The overall goal of our research is to understand the connection between maternal health and the placental regulation of nutrient metabolism and delivery, and fetal growth. 

This is important because babies’ growth in the womb (organ development, fat accrual, lean tissue growth) can modify their metabolism, cardiovascular function, neurological development, and their risk of future disease. Ultimately, we seek to improve cardiometabolic health of offspring, and thus population health in the long-term.

This concept is referred to as the Developmental Origins of Health and Disease, or Barker, Hypothesis (so named after David Barker, MD)

Currently, we are studying the effect of maternal obesity on placental lipid handling. Lipids are critical for proper fetal development (think cell membranes!), but the fetus is unable to synthesize lipids at the rate required to fulfill its developmental requirements. The placenta is not capable of making these essential fatty acids either, and so the fetus relies on maternal supply and placental transfer of these critical nutrients for development. Thus, changes to placental fatty acid transport have serious implications for fetal growth and long-term health.
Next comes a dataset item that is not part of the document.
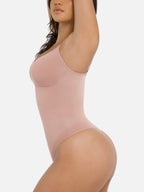 Tummy Control Seamless Ultra-Stretch Bodysuit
This is a big topic and we have several projects under this umbrella. Click on the links below to learn more about individual projects:

Our second area of focus is how the placenta impacts metabolic adaptations to pregnancy, such as glucose-insulin regulation. Maternal insulin sensitivity is a key predictor of fetal fat accrual, but the mechanisms regulating insulin signaling during pregnancy are unknown. Insulin sensitivity improves 120% following delivery of the placenta, suggesting a placental factor may regulate insulin signaling during pregnancy. As placental growth and gene expression is sensitive to maternal insulin levels in early pregnancy, and correlated to adiposity at birth, we propose that maternal-placental crosstalk is key to fetal growth regulation.